In 1971, the Las Vegas Valley Broadcasting Company, headed by attorney James E. Rogers, filed a competing application for channel 3. The Federal Communications Commission called a hearing to weigh the new station proposal versus KORK-TV's renewal; the case centered on KORK-TV's use of "clipping", an illegal practice of airing local commercials over network-furnished material and advertising. The ensuing legal fight lasted throughout the 1970s: the FCC and federal appeals courts consistently denied KORK-TV a renewal of its broadcast license, but the Las Vegas Valley Broadcasting application was not finally approved until the end of the decade. On October 1, 1979, KORK-TV was replaced by KVBC, which continued with the same staff but built new studio and transmitter facilities at their present sites.
While fending off a second and unsuccessful license challenge, under Rogers's ownership, KVBC rapidly improved in the late 1980s and 1990s from a distant second-place in local news ratings to a contender and market leader. In the late 2000s and early 2010s, the station's programming strategy evolved to remove many syndicated programs and replace them with newscasts. After Rogers died in 2014, Sinclair Broadcast Group acquired KSNV's assets and conducted a switch of technical facilities that allowed it to retain all of its programming while divesting the former KSNV license, now KHSV.

KLRJ-TV: Early years

Channel 2 was originally assigned by the Federal Communications Commission to Henderson, a city south of Las Vegas, when the commission lifted its multi-year freeze on TV station assignments in 1952. The action lay unused for nearly a year until it suddenly had two applicants in the span of several weeks. The first was the Southwestern Publishing Company, publisher of the Las Vegas Review-Journal, the city's afternoon newspaper. In the first television station application filed in the state, Southwestern had applied on August 16, 1950, for channel 8 at Las Vegas. When the freeze lifted, more applicants sought channel 8, including Las Vegas Television, a sister company to local radio station KLAS. Southwestern Publishing and Las Vegas Television entered into discussions to merge their bids, which fell apart when the talks were reported on the radio. That prompted Hank Greenspun, the publisher of the morning Las Vegas Sun, to file for channel 8. There were now three applications on file for the one channel.

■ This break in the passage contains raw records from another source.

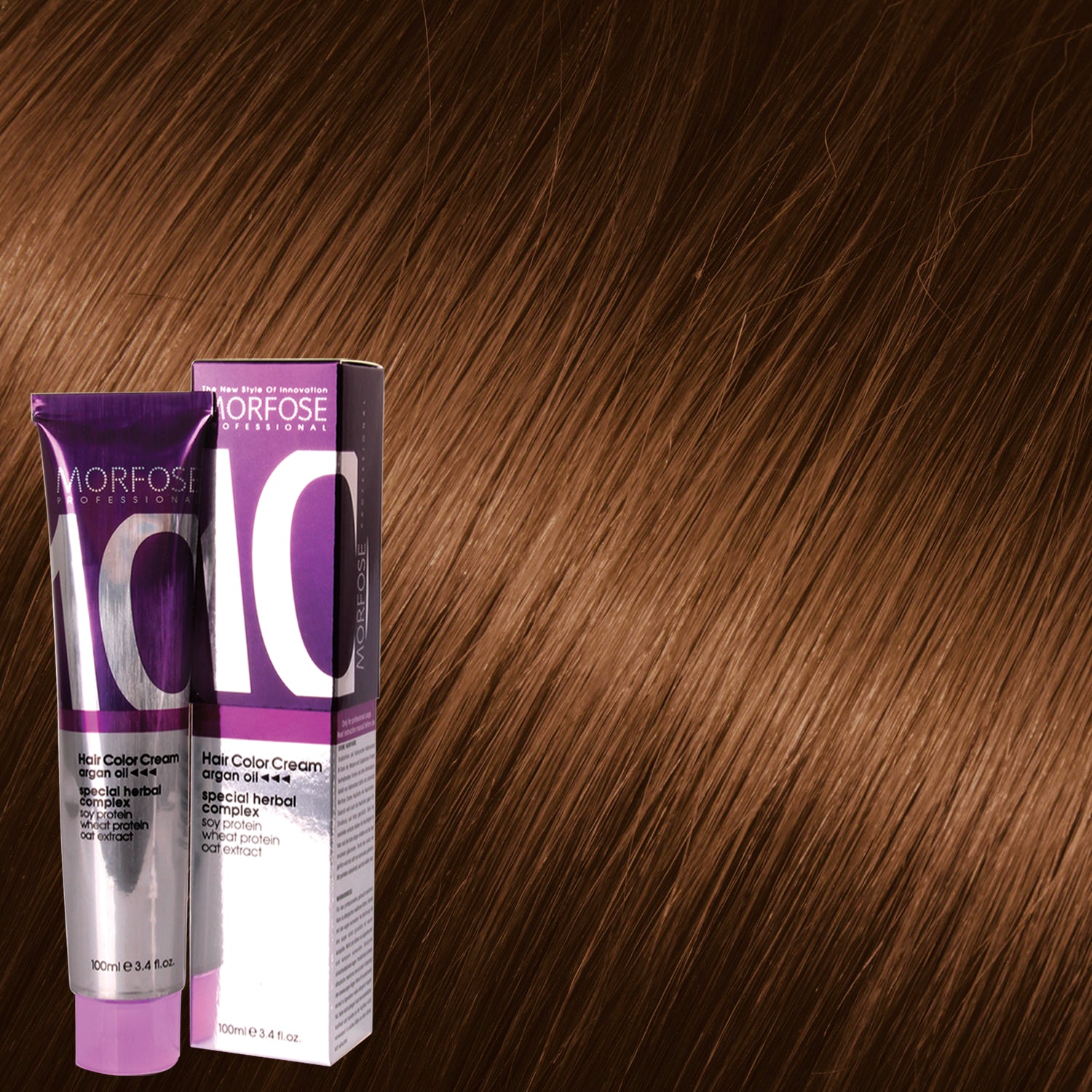 Morfose 10 Hair Color Cream 100ml Mocha brown 8.74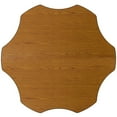 thumbnail image 2 of 60'' Flower Oak Thermal Laminate Activity Table - Height Adjustable Short Legs, 2 of 3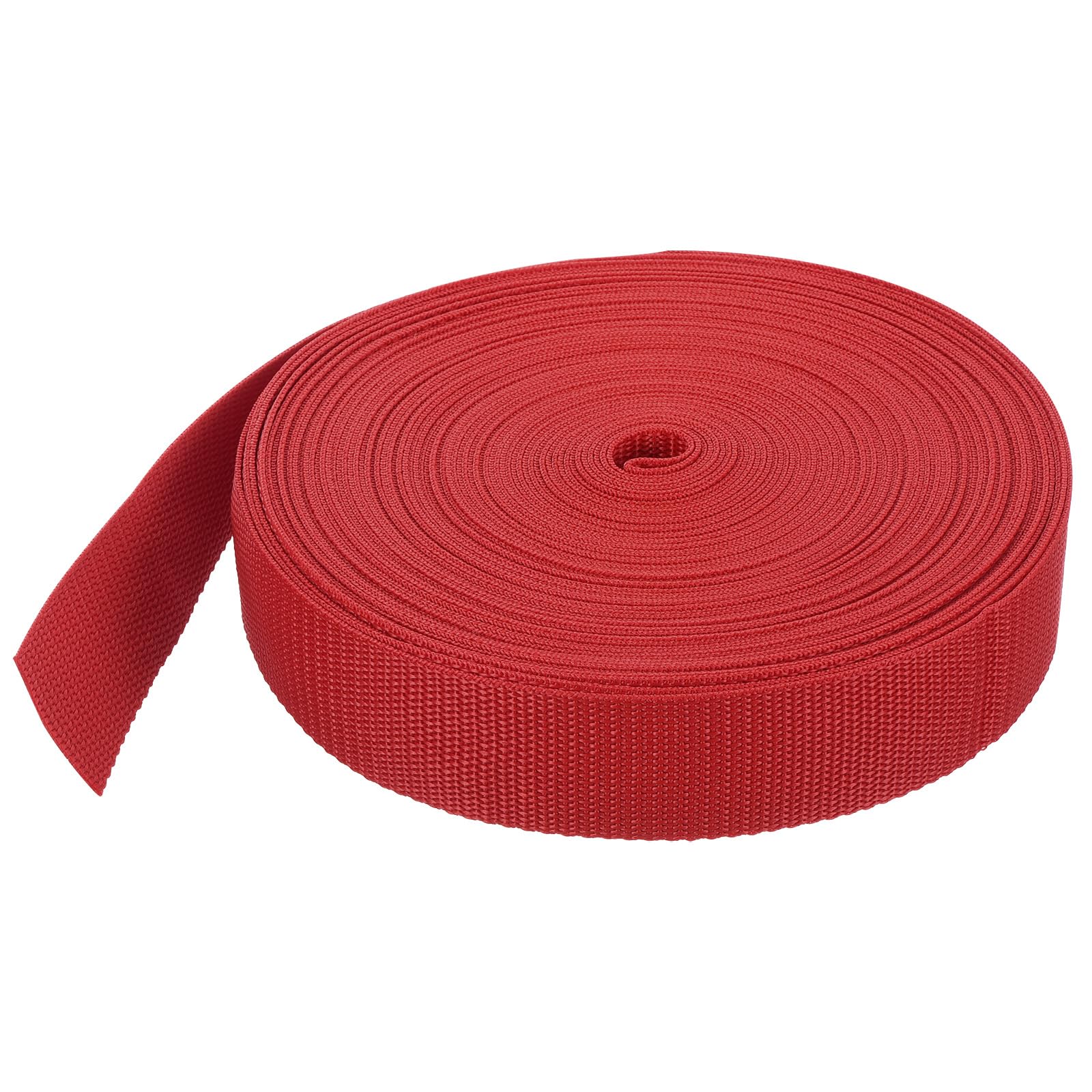 MECCANIXITY Lightweight Polypropylene Webbing Strap 1 1/2" 25 Yard Backpack Strapping Band Red for Outdoor Luggage Cargo Straps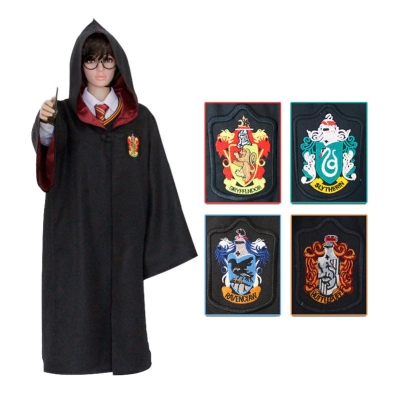 Harry Potter Gryffindor and The Four Houses of Hogwarts Cosplay Magic Robe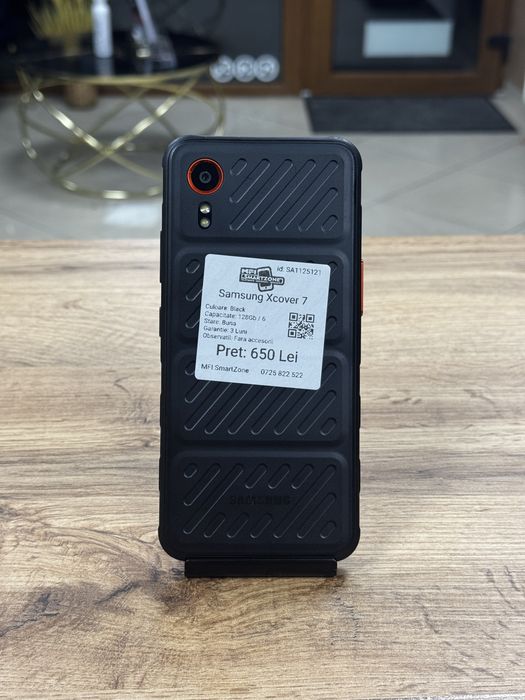 Samsung Xcover 7 Black 128Gb - Garantie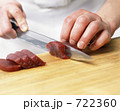 マグロを切る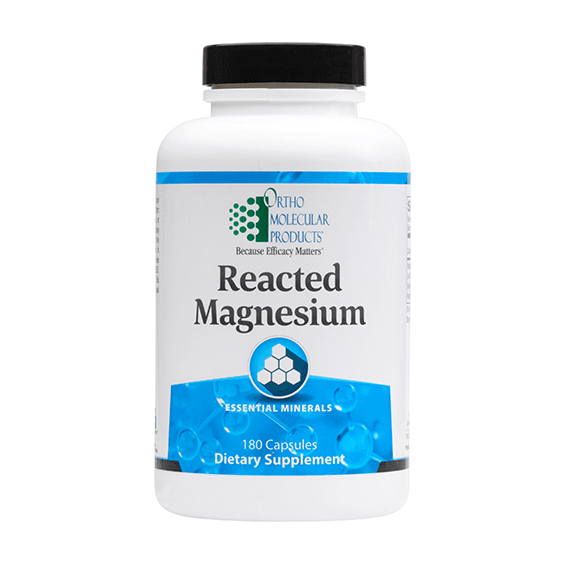 Reacted Magnesium - 180 Capsules- PL Ortho-Molecular Supplement - Conners Clinic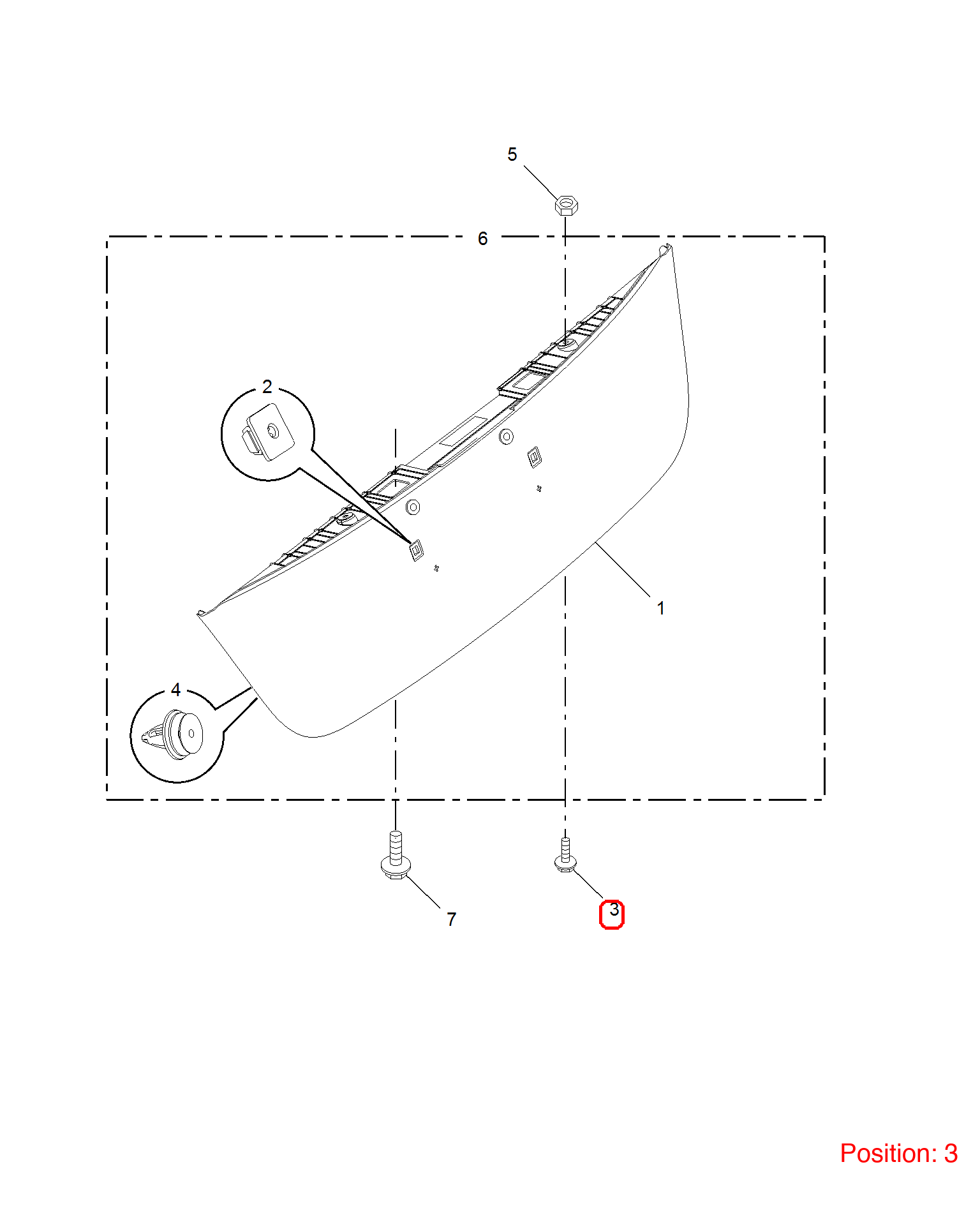 MG Screw OEM 90004856 FOR MG6 90004856-MG_OEM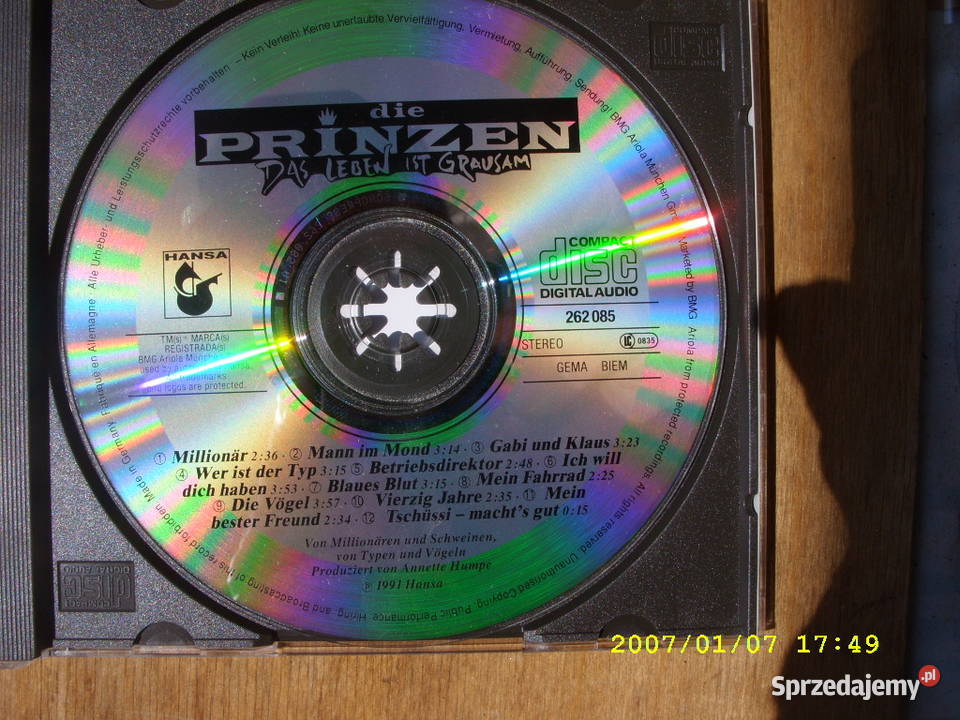 POP CD PRINZEN2 PLYTY CD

At the time, the FCC, seeking to work through a massive backlog of applications, prioritized uncontested channels. Southwestern Publishing then filed for channel 2 in Henderson on February 26; one day later, the Boulder City Broadcasting Company, owners of radio station KRAM in Boulder City, joined them, putting every commercial channel in or near Las Vegas in contested status.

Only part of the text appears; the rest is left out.